Real estate investors are just scared that the made up price of their building will fall, because everyone who owns property in an expensive area knows that the price is purely dictated by demand, which is currently high due to scarcity.
All this to say, raising taxes on the rich works the best for solving major budget issues! Fund the levy and fund public housing!!
Unlike your comment, with it’s ideologically superior references to selfishness and “excess housing,” this is actually a more reasonable proposed levy than the previous one. The percentage increase is smaller and the emphasis is on maintenance and improvement rather than giant projects. Sure, there is a lot of money dedicated to bikes, etc., which I could quibble with, but the overall tone of spending is better.
Landlords will charge the highest rent that the market will bear. Levies only impact supply if it restricts the amount of new housing built (or existing housing taken off the market). Levies are unlikely to have any impact on demand.
I would be more likely to vote for this levy IF the CIty/SDOT was actually doing something about the horrible state of our roadways. They are not.
The roads will never be nice if we continue to allow an ever-increasing number cars to drive on them, and additionally continue to tacitly accept the increase in size of the average car.
Cars, as a mode of transport, destroy their own infrastructure faster than any other mode of transport due to massive effects of vehicle friction, weather, seismic activity, and most of all OVERUSE due to decades of auto-focused planning.
Massive current and future investment in public transit is the only way to permanently reduce potholes, because it concentrates more riders into fewer trips. But alas, that costs money too! So, either continue to get choked out by exhaust and keep complaining about the ever increasing number of potholes that will never be able to be filled before the next one shows up, or just back the funding of public transit projects and enjoy your lovely cleaner and quieter city.
Incorrect. In actuality, heavier vehicles do more damage to pavement than lighter ones. So buses do more damage than cars. Yes, we need buses of course, but we also need road maintenance budgets that keep the roadways in good condition. Lots of our bus routes provide bone rattling rides because of poor roadway conditions. More people would probably use the buses if the roads were in better condition.
And road maintenance is just about filling potholes. Potholes occur because the pavement has already deteriorated. Once potholes start to form, it’s time to remove and resurface the pavement.

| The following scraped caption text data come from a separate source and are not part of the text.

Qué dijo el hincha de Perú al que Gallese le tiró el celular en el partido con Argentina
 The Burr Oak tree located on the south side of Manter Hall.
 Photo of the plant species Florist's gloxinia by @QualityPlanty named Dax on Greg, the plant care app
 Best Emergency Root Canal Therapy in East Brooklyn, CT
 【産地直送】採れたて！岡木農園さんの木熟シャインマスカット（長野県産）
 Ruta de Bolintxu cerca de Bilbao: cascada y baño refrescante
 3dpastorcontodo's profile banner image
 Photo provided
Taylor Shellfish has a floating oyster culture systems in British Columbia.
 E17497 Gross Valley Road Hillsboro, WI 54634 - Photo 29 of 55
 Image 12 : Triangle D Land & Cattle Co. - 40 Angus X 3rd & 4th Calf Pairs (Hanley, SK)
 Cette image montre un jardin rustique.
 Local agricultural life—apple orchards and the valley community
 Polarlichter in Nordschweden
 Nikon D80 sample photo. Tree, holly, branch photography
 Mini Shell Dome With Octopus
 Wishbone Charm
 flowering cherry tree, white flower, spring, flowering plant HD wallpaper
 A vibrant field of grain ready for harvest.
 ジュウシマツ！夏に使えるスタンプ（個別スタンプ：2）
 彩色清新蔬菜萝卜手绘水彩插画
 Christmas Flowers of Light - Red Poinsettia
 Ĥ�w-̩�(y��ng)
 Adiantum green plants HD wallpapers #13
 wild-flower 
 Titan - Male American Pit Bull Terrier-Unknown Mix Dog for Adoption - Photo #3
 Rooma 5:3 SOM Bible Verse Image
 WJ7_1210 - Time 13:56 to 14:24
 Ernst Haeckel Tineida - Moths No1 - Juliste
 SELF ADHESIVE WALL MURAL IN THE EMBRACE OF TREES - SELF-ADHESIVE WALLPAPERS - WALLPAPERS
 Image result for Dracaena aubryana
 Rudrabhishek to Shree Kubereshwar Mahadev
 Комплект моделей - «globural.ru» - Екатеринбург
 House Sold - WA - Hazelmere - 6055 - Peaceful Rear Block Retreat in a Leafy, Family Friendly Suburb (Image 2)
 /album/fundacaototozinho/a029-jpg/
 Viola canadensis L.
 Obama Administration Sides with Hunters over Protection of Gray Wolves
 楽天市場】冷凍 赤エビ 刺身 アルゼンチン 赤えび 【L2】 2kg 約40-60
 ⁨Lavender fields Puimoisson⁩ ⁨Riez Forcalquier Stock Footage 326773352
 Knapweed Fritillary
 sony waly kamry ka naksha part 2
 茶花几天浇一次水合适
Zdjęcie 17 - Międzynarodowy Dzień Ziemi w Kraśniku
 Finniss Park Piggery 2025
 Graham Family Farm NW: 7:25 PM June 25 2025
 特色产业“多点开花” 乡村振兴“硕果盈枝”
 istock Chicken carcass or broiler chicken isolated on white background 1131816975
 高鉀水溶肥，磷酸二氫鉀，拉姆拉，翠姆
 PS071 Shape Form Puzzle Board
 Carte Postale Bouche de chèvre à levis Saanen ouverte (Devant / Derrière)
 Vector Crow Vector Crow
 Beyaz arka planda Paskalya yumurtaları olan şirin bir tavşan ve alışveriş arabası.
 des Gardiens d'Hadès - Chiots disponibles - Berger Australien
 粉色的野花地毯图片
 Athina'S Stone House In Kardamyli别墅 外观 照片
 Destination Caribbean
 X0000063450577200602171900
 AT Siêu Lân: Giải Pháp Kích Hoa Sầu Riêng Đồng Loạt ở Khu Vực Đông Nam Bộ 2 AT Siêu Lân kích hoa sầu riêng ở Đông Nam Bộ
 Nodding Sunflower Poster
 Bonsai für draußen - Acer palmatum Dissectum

A huge chunk of money in this levy is marked for roads repaving (much more than last time I believe). I’d say it’s a big step in the right direction.
I don’t think we’re going to agree on this, but the levy needs to be doubled, with the extra money going purely to maintenance instead of capital projects.
Also, Washington State allows studded tires from November 1 through March 31st. There’s a large amount of drivers, including Seattle, that unnecessarily put them on for the statutory maximum (or longer), with no yearly fees or taxes required beyond a $5/tire tax at point of sale.
Studded tires cause significant damage to roadways, probably $100 million dollars per winter statewide. Seattle’s share of that is probably $10 million, which is significant considering SDOT’s maintenance budget is around $40 million.
Either reducing (or eliminating) the allowable times for studded tires and/or imposing a yearly fee or license seems like low hanging fruit. I understand there are parts of the state that legitimately need studded tires, but the greater Puget Sound area does not.
I actually like this… If you read carefully, the proposal has much more investments back to roads and bridges, and focus on improving existing buses and built-out RapidRides. They are not asking money to build even more fancy projects…
It’s good to be back to basics as Seattle roads and bridges are just insanely under-maintained.